PROMPT – Somewhere below are a line with "Ader Error Grey" and a later line with "Air Tracker Tags-3". Output exactly those lines and all lines between them.

RECORDS TO PROCESS –
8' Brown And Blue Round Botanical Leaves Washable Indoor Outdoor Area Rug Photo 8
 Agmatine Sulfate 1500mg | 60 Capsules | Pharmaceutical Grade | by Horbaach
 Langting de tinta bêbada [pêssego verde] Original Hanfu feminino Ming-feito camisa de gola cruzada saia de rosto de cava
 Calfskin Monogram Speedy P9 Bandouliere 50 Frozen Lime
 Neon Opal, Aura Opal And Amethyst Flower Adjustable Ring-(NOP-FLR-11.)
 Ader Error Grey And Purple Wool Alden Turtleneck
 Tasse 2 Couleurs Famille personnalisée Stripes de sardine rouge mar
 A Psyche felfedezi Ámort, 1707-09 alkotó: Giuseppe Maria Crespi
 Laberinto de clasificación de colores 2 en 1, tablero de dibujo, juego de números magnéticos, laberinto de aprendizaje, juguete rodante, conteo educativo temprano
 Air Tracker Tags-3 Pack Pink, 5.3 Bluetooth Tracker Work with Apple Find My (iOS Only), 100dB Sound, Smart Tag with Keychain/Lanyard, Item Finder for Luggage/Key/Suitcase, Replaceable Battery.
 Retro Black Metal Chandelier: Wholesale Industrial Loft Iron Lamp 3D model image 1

YOUR SOLUTION –
 Ader Error Grey And Purple Wool Alden Turtleneck
 Tasse 2 Couleurs Famille personnalisée Stripes de sardine rouge mar
 A Psyche felfedezi Ámort, 1707-09 alkotó: Giuseppe Maria Crespi
 Laberinto de clasificación de colores 2 en 1, tablero de dibujo, juego de números magnéticos, laberinto de aprendizaje, juguete rodante, conteo educativo temprano
 Air Tracker Tags-3 Pack Pink, 5.3 Bluetooth Tracker Work with Apple Find My (iOS Only), 100dB Sound, Smart Tag with Keychain/Lanyard, Item Finder for Luggage/Key/Suitcase, Replaceable Battery.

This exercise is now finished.